12. The method recited in claim 11, wherein the step of locating
further includes spacing the casing element from the bladder.
13. The method recited in claim 12, wherein the step of injecting
includes locating the polymer foam material between the casing
element and the bladder.
14. The method recited in claim 10, wherein the step of locating
includes positioning a plurality of panels within the mold and
spacing the panels from the bladder.
15. The method recited in claim 14, wherein the step of injecting
includes locating the polymer foam material between the panels and
the bladder.
16. A method of manufacturing a sport ball, the method comprising:
locating a bladder and a casing element within a mold, at least a
portion of a surface of the casing element being spaced from the
bladder; and injecting a polymer foam material into the mold and
between the bladder and the casing element.

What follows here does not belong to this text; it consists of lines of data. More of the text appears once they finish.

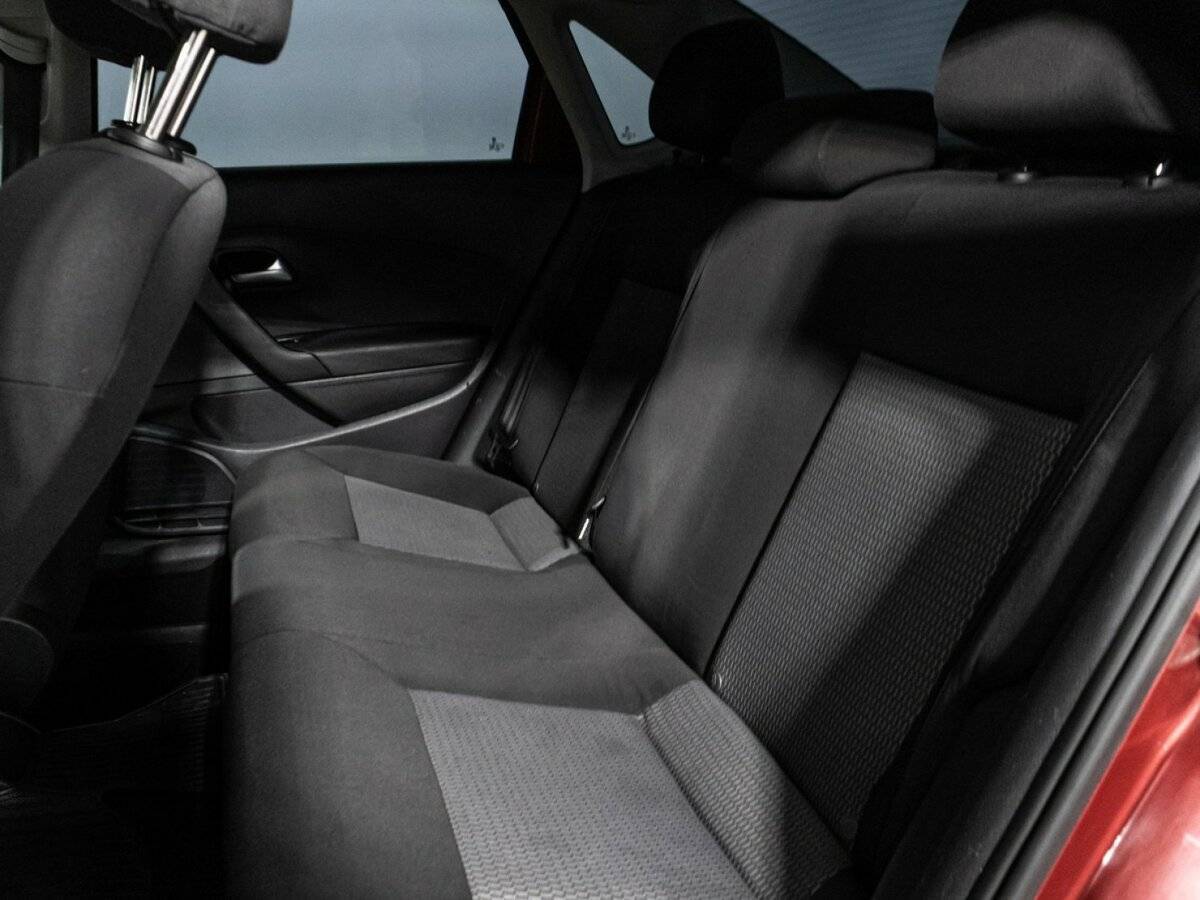 Volkswagen Polo с пробегом — 2010 год. Фото: #9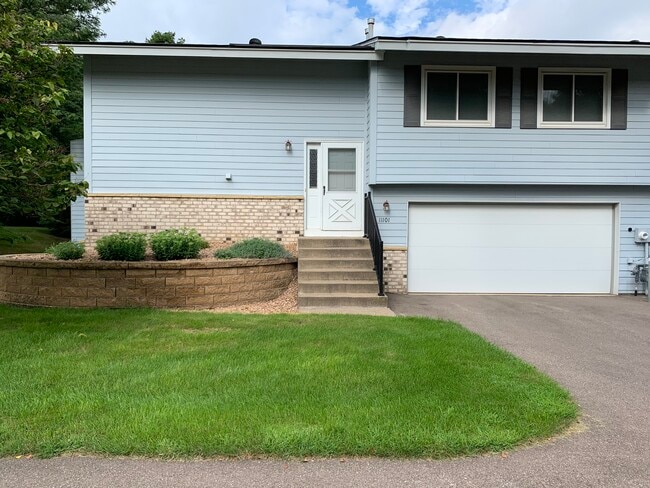 Building Photo - 11101 Vessey Cir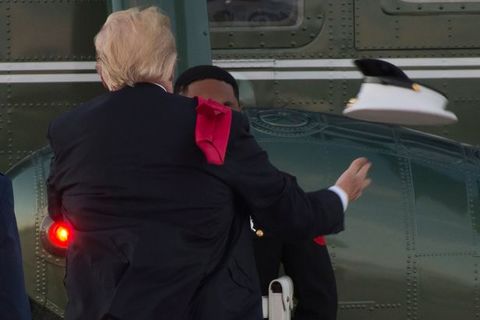 Tổng thống Trump nhặt mũ cho lính thủy đánh bộ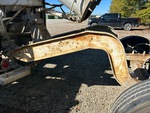 Underbody with Non-Driven Rear Drop Axle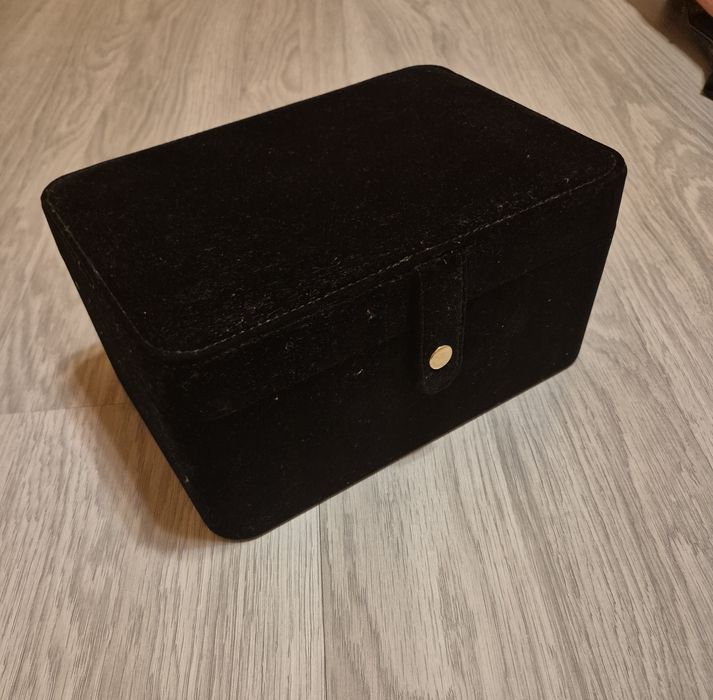 Kuferek na biżuterię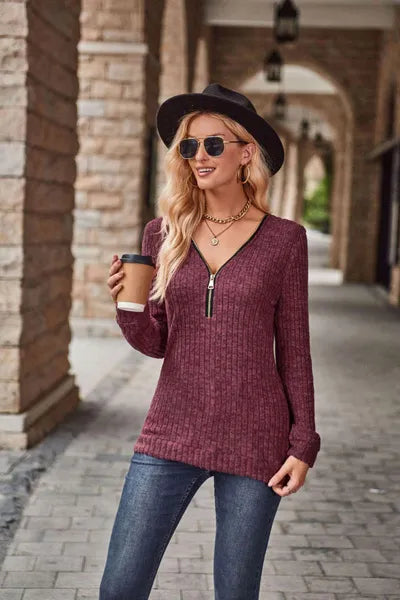 Maglia alla moda donna slim autunno-inverno in 2 colori diversi a manica lunga con scollo a v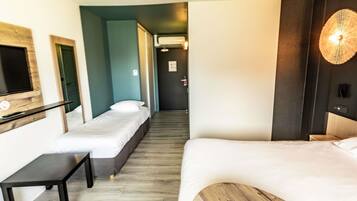 Ropa de cama de alta calidad, escritorio y sistema de insonorización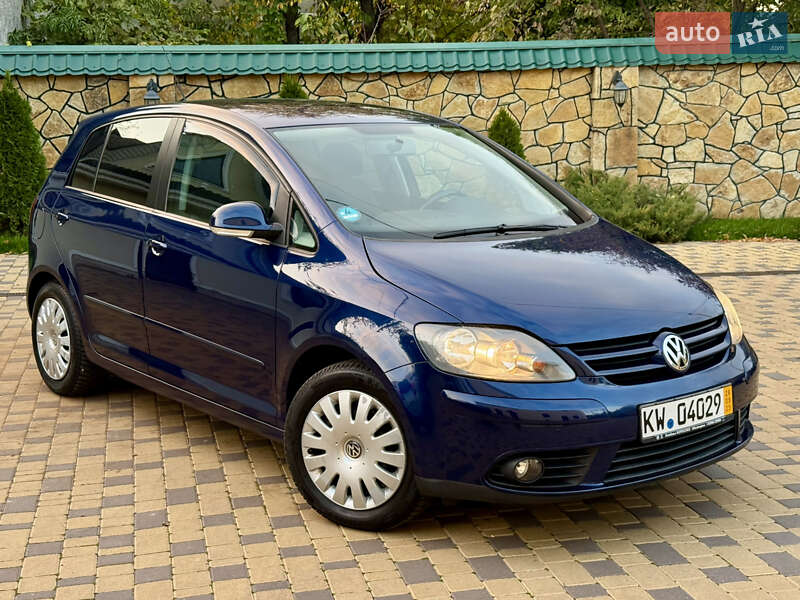 Хэтчбек Volkswagen Golf Plus 2007 в Могилев-Подольске фото Хэтчбек Volkswagen Golf Plus 2007 в Могилев-Подольске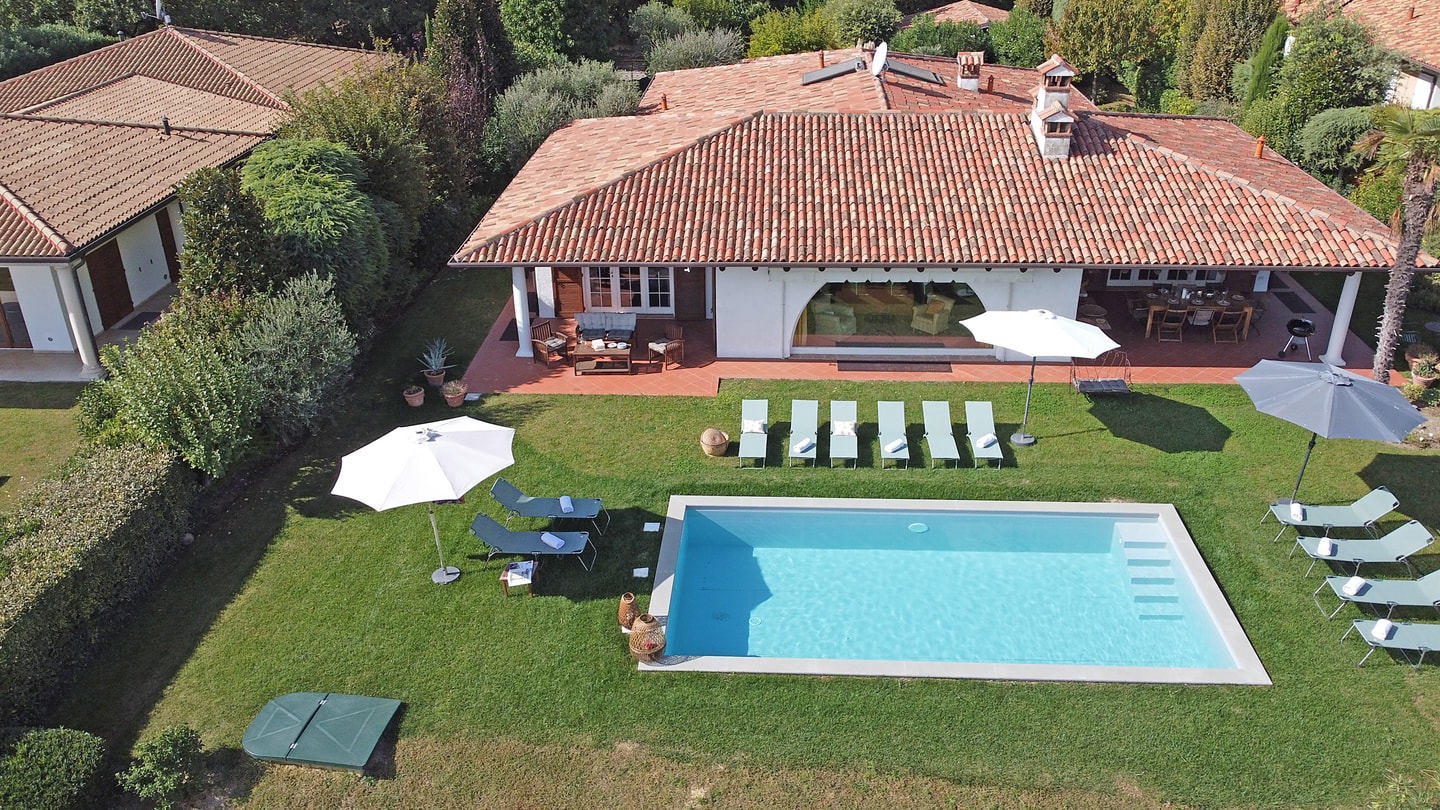 Villa Dante - Villa with pool and tennis 31 Villas in Italy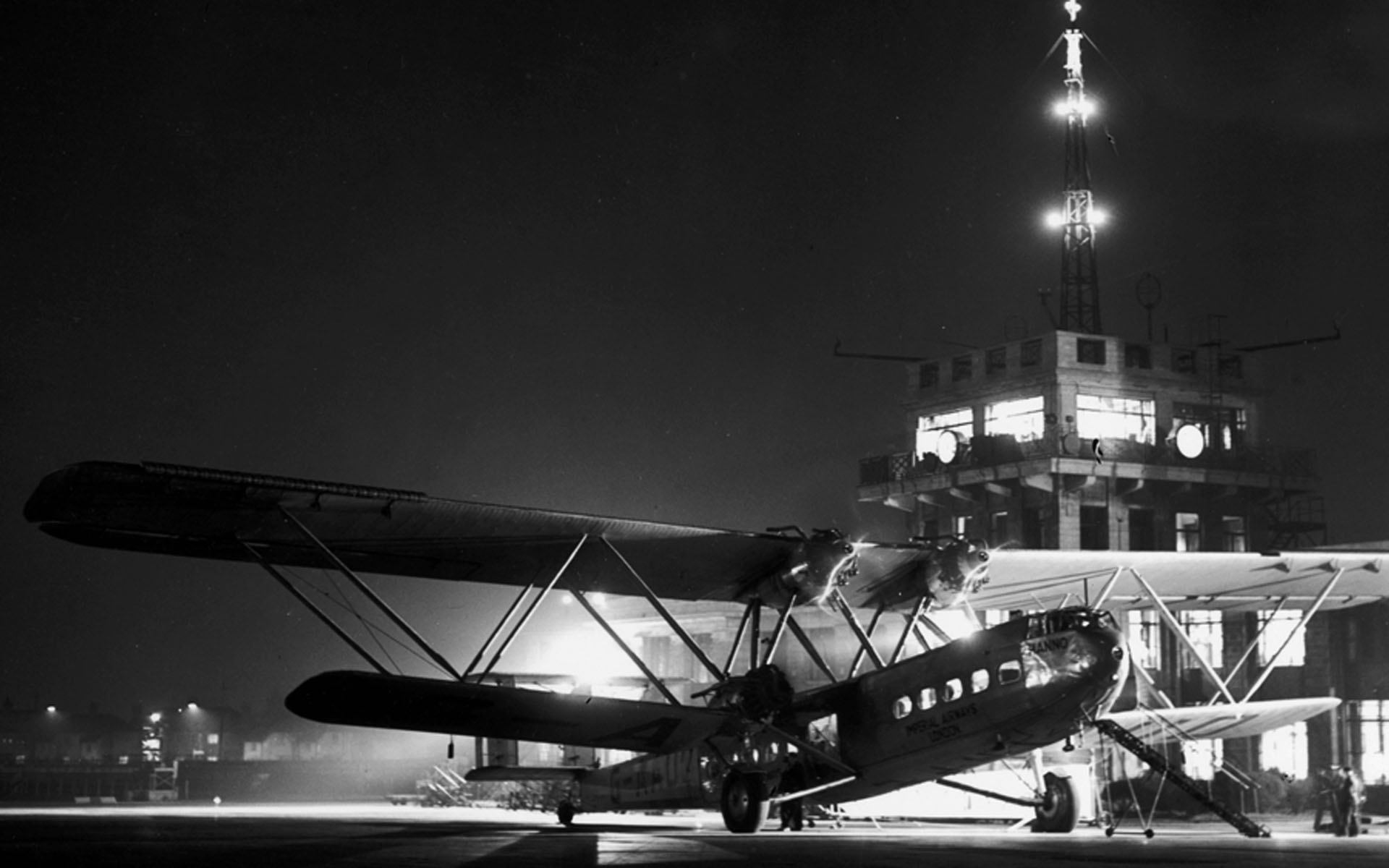 Handley Page H P 42 高清壁纸 桌面背景
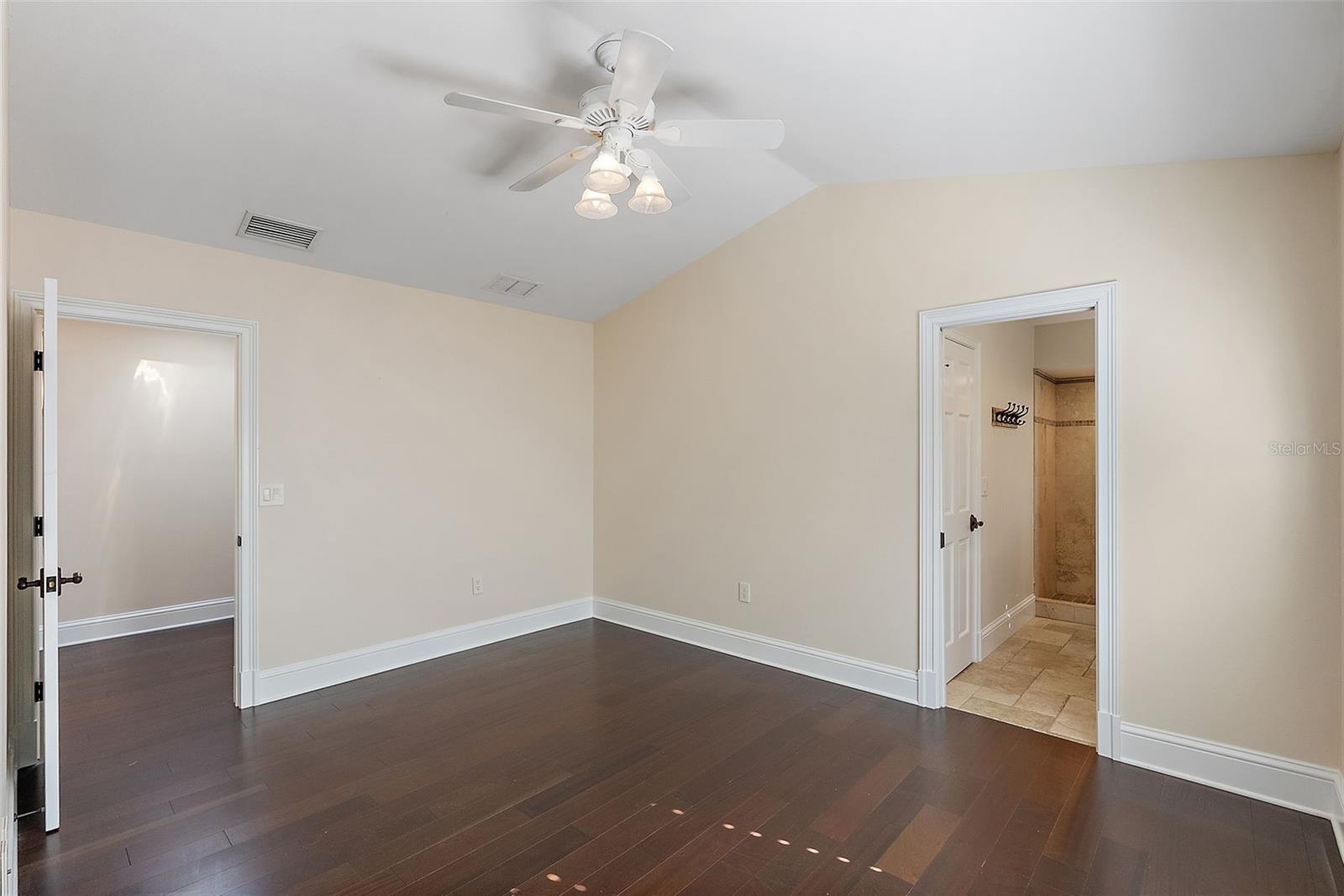 2371 LANDINGS CIR — photo 53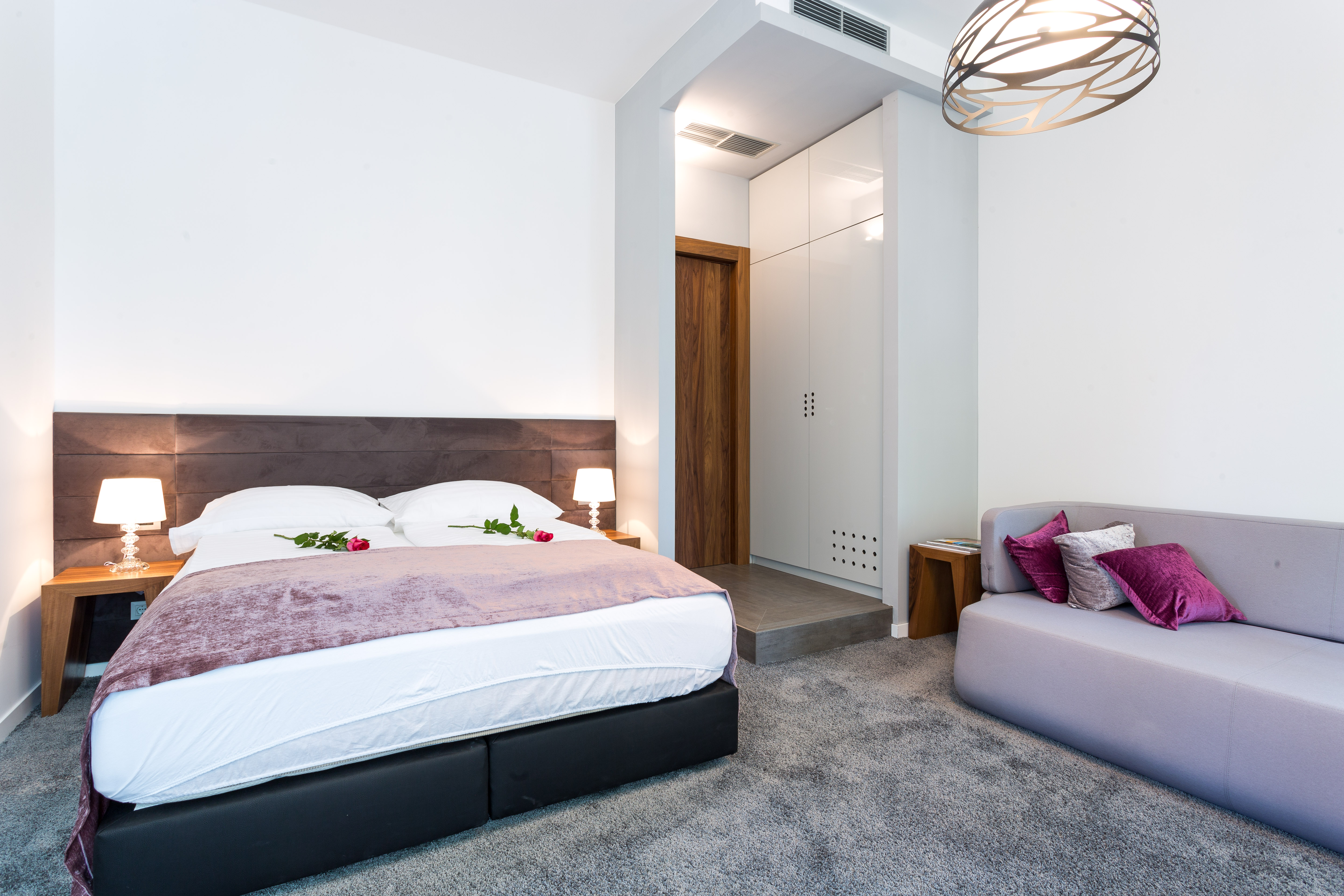 Starlight Luxury Rooms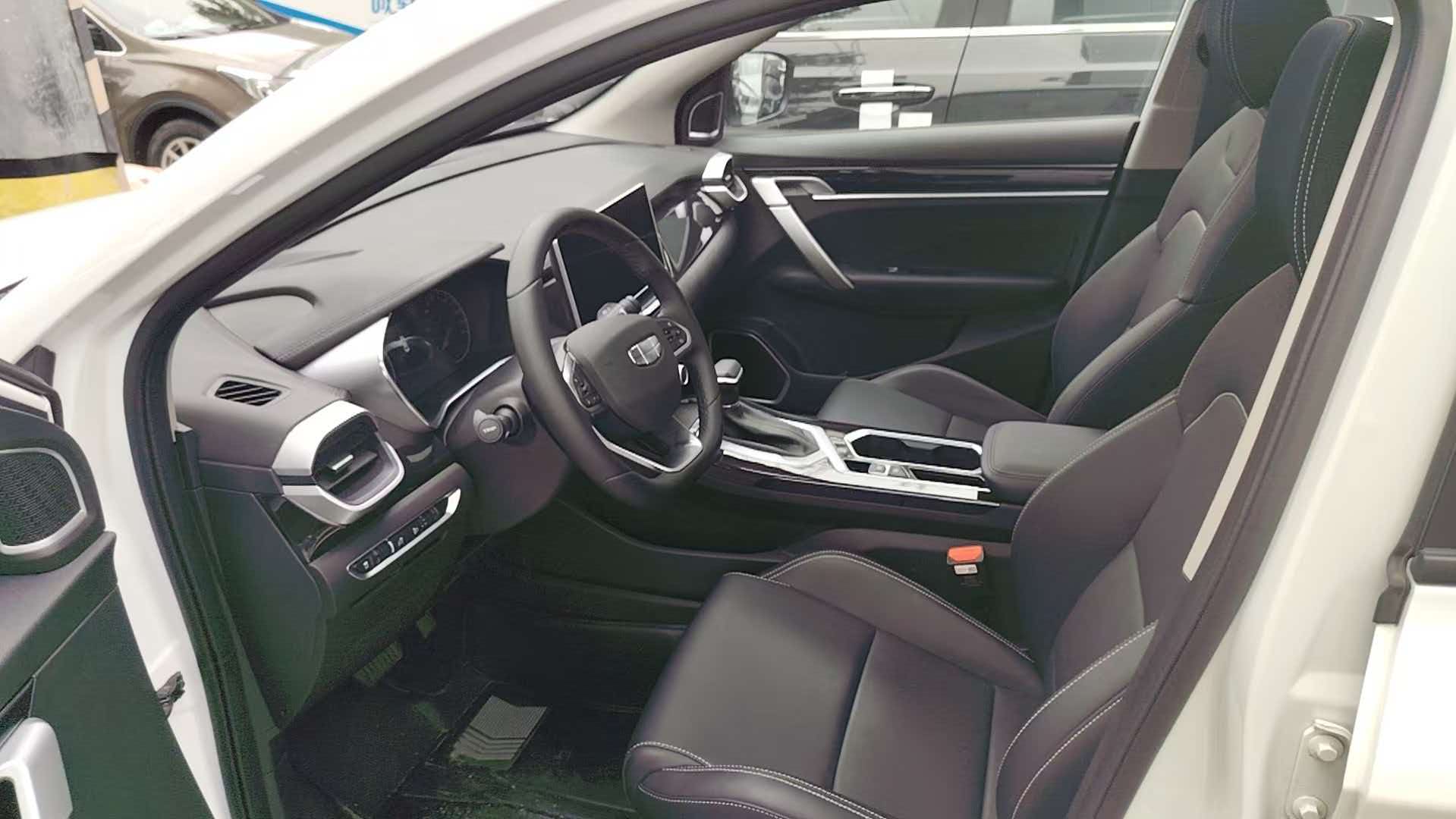 GEELY Coolray 2025 #3 GEELY Coolray 2025 imagen de coche #3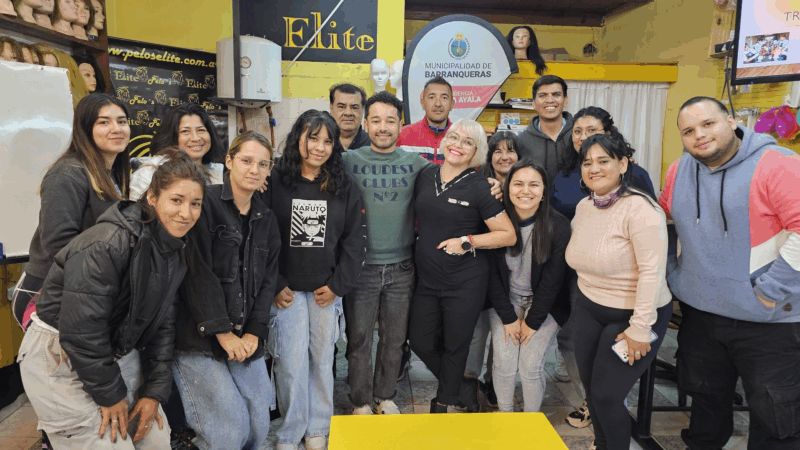 La municipalidad y el Instituto Élite, ya comenzaron con el curso de Asistente de Peluquería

17. The method recited in claim 16, wherein the step of injecting
includes bonding the polymer foam material to surfaces of the
casing element and the bladder.
18. A method of manufacturing a sport ball, the method comprising:
forming a casing of the sport ball from panel elements that include
a thermoplastic polymer material; and heatbonding edges of the
panel elements to each other to join the panel elements.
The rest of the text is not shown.